But a couple weeks ago I was watching a movie at home and my wife comes to sit on the couch. Coincidentally the movie was crazy stupid love with Steve Carell. I've never seen it before but his wife has an affair on him he gangs about 10 women but ends up back with his wife.

 

I don't even know why I continued to watch the movie but I noticed at times my wife peering over at me through certain points. It was awkward and definitely brought back lots of feelings I went through. I can only think moving forward this would happen often but have to be suppressed constantly.

Posted

The problem with these forums is that their is an expectation that ALL people react the same way to infidelity. And if someone reqcts different to it they are offering cheap forgiveness or having an affair of their own or have low morals. Or are in denial. But the thing is while most people who end up here are destroyed there are people who are hurt but who aren't that shaken. They react like the story you told. And that is okay an acceptable because it is who they are. Usually they are quite confident people who don't care if others disagree with their descision so when people accuse them the denial or whatver they just smile and keep on because they know the truth of their situation.

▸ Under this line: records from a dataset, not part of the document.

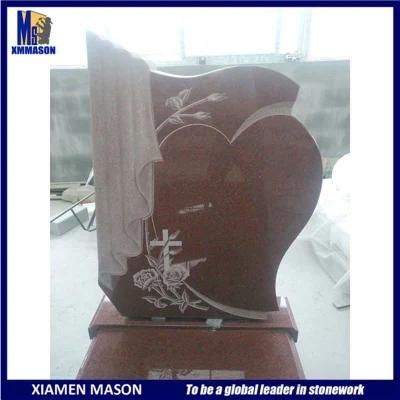 Heart Design Red Granite Tombstones for Wholesale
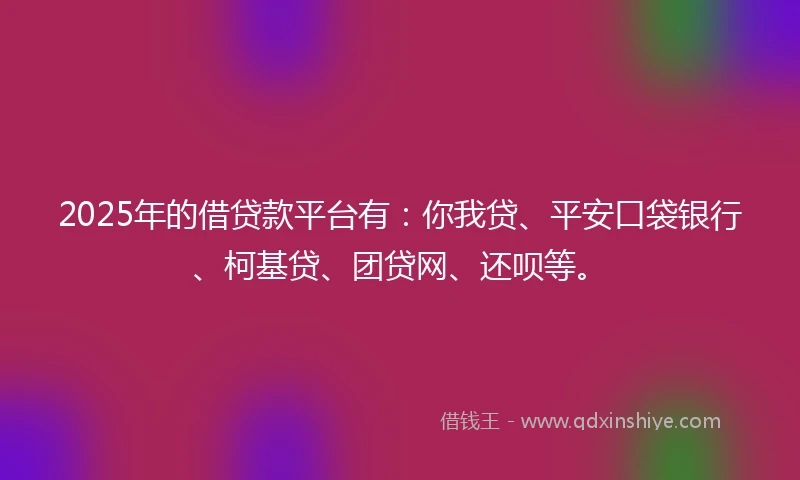 2025年的借贷款平台有：你我贷、平安口袋银行、柯基贷、团贷网、还呗等。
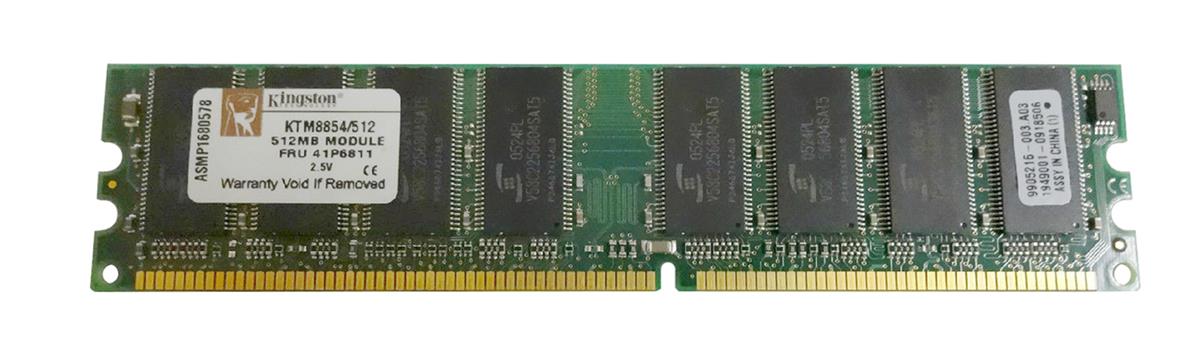 KTM8854/512 Kingston 512MB PC2700 DDR-333MHz non-ECC Unbuffered CL2.5 184-Pin DIMM 2.5V Memory Module 31P8856; 31P9122; FRU 41P6811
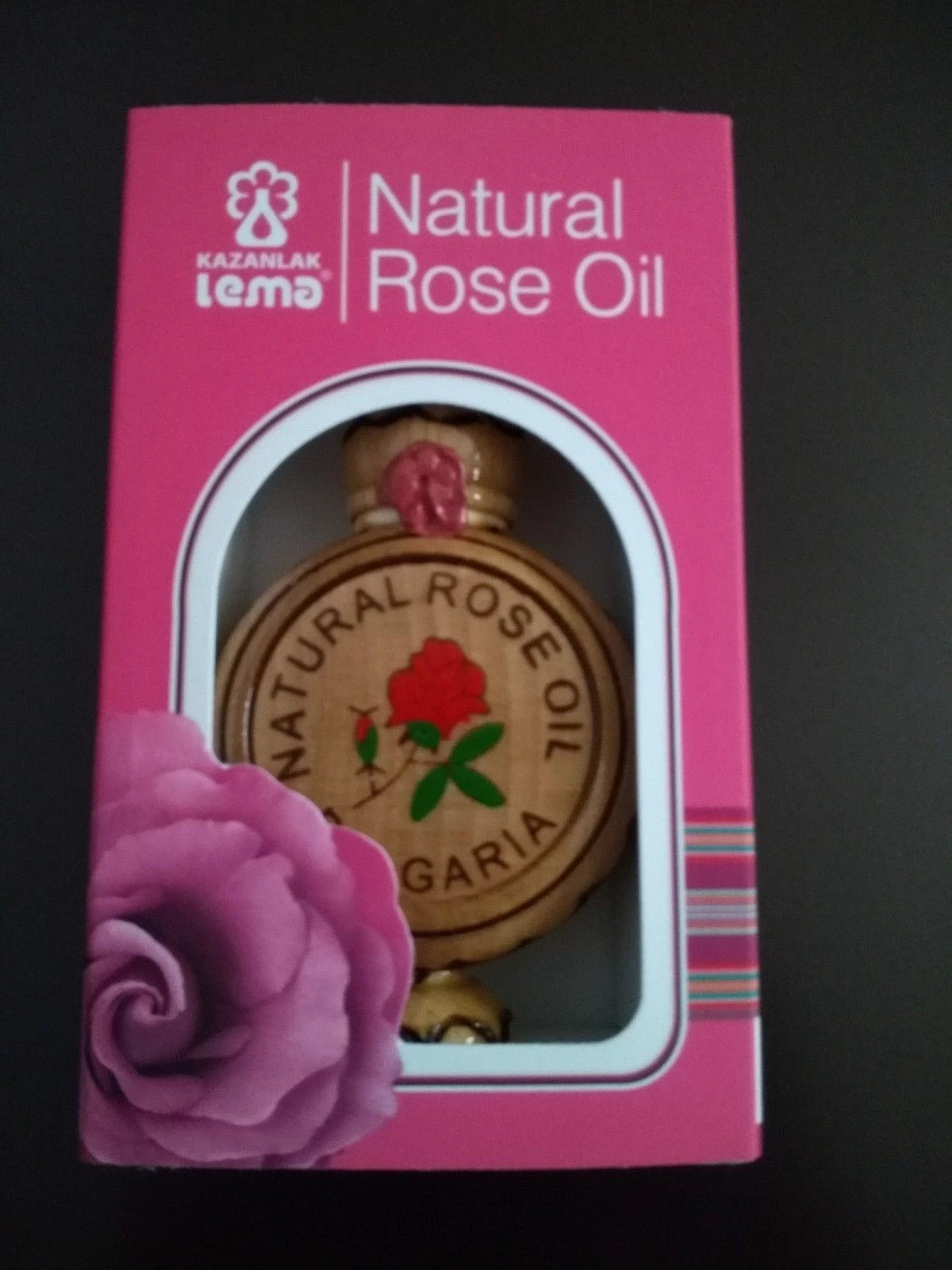 Lema 100% Natural Pure Bulgarian rose oil in a wooden souvenir 0.5ml certified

Cheap forgiveness isn't people who don't rant or rave or punish their wayward. Cheap forgiveness is those stories you say where the spouse is trying to desperately love their spouse back while their spouse is making no effort to reconcile. if the the wayward is doing everything they possibly can and te BS is like the man you described... Who are we to judge?

 

About the forgetting. It is usually not meant as actual forgetting like you can't remember your spouse cheated on you... Obviously nobody can do that. It is usually to give the idea that "you cheated" one day won't be at the forefront of your mind. Some people feel they will never get to that place. But they are limiting themselves by having a defeatist attitude. If you stop picking a wound it will eventually heal. Yes their is a scar but the scar gets "forgotten" unless you keep dwelling on it.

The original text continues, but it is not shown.